Sometimes when older folks wax nostalgic about the wonders of early TV programming, they recall the good shows such as Ed Sullivan’s show and Jackie Gleason’s show and I Love Lucy etc. They rarely recall any of the bombs that were on the air “back then” such as The Flying Nun or My Mother the Car – – or a mercifully short-lived series called So You Want to Lead a Band. [Seriously, this was a program with Sammy Kaye and his orchestra. Audience members were “invited” to come and lead the band and then a “winner” was selected at the end by audience applause. My father loved it; I thought it was mind-numbingly stupid.]
I mention So You Want to Lead a Band because an article in the Minneapolis Star-Tribune could well have carried the headline:
- So, You Want to Host the Super Bowl…
This article reveals what the NFL demands from a city/county/state in order to bestow them with a Super Bowl event. There is a 163-page list of things which are non-negotiable ranging from the easily accommodated (minimum seating capacity at the stadium) to the very expensive (loads of free hotel rooms plus full exemption from all local taxes). Oh, and the NFL also gets to keep all the ticket money – tax free.
Here is a link to that article in the Star Tribune and embedded there is the PDF for the NFL’s list of “demands”. It is not required reading, but it is an example of how the NFL strongarms the venues for a Super Bowl game. It demonstrates the economic power of a monopoly – which the NFL is when it comes to putting on a Super Bowl game.
Sticking with NFL stuff for the moment, the league has a decision to make soon regarding the status of LeSean McCoy. His estranged girlfriend alleges that she was beaten up by a man or men sent to evict her from the house she is living in – which belongs to McCoy – at the behest of McCoy. Obviously, McCoy denies the allegations and the investigations by law enforcement folks and by the NFL roll on. However, …
- Given the NFL’s historically horrible record in dealing with domestic abuse issues, the question now is what to do with LeSean McCoy.

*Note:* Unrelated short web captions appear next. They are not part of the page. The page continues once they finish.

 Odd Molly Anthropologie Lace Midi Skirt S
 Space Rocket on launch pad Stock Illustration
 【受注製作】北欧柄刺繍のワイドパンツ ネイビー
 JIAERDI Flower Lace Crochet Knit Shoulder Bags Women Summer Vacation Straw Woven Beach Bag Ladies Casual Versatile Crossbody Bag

In the wake of the Adrian Peterson “situation” involving his disciplining of his young son, the NFL created something called the Commissioner’s Exempt List. It is an adjunct to the league’s personal conduct policy and essentially it puts a player on what in government would be called paid administrative leave. As I understand this – – and I am sure that I do not fully understand it:
- A player on the Commissioner’s Exempt List does not count against the team roster.

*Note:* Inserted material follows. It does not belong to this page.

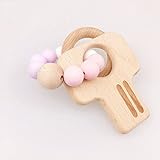 Mamimami Home　木製 ガラガラ 噛む　赤ちゃんのおもちゃ　食品グレードシリコーン　おしゃぶり　ベビーギフト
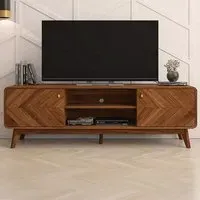 LV44 2 Door 2 Shelf TV Unit - Columbian Walnut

- The player is paid the salary due him – – without any performance bonuses of course because he will not achieve them while on the list.
- The player cannot practice with the team or attend games. [I assume this means he cannot attend games with the team or in the owner’s box; if the player wants to buy a ticket and sit in Section 505, I would think that would be permissible. Or, maybe not…]

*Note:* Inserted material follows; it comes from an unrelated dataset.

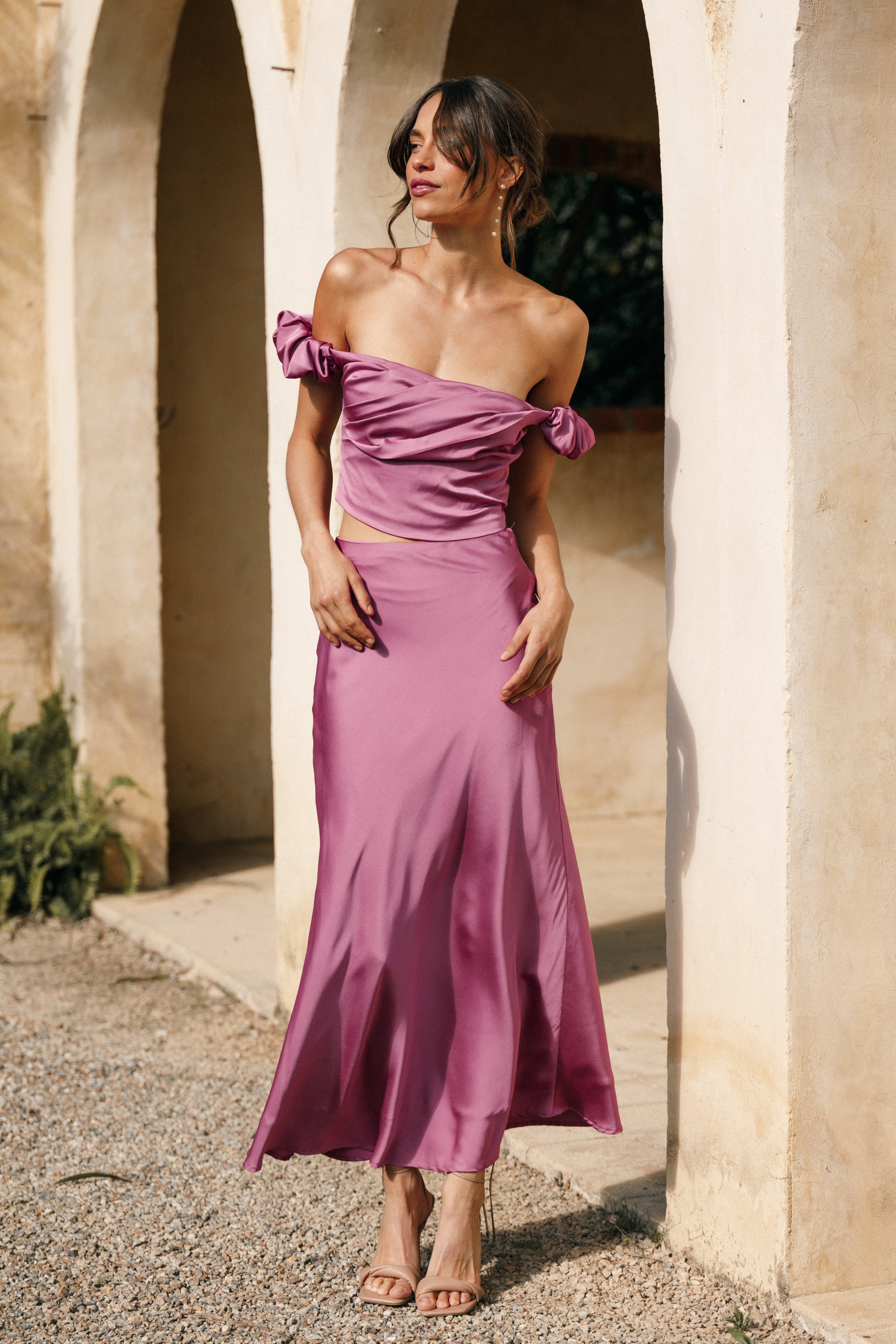 Arabella Floral Print Satin Two Piece Set - Dark Rose Maxi Skirt & Crop Top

- The team can allow the player to be in the practice facility to attend meetings or do rehab work. What he cannot do is be part of “football activities”.
- There does not seem to be a time limit on the Commissioner’s Exempt List. Its purpose seems to be to buy time for the investigations(s) to proceed in the sense that it keeps the player away from the team and out of the public consciousness.
- Since the player is being paid during his time on the list, there is no real claim against the league or the team if he is fully exonerated by the investigation. It is not clear if “time served” on The List is ever part of any discipline that might come from a finding that the player is guilty of whatever is being investigated.
The NFL has a dilemma here. These allegations are very recent; these investigations will take time and then the adjudication process will take even more time. It would not be surprising to see that this matter might still be unresolved by Christmas. So, if the NFL plays the “Exempt List Card” now, it could well be consigning McCoy to a full season on the sidelines – – without knowing if he is innocent here. On the other hand, if they put him on the field and it turns out he did what his estranged girlfriend says he did, the NFL suffers yet another Public Relations black-eye.
I guess this is why Roger Goodell gets $40M a year from the league…
One more NFL note … The Eagles released a CB from UCLA who had been injured all last season named Randall Goforth. I am positive that if Chris Berman was still covering the NFL for ESPN, he would have named this CB:
- Randall Goforth-and-Multiply.
Finally, here is an “announcement” from Brad Dickson, formerly with the Omaha World-Herald of a new business enterprise. You know, in Nebraska, he just might have a goldmine here:
“In Omaha we already have a Husker Law, Husker Dental & Husker Plumbing. Now I’m introducing Husker Crematory where your loved ones are cremated inside a giant red & white helmet while the NU fight song plays.”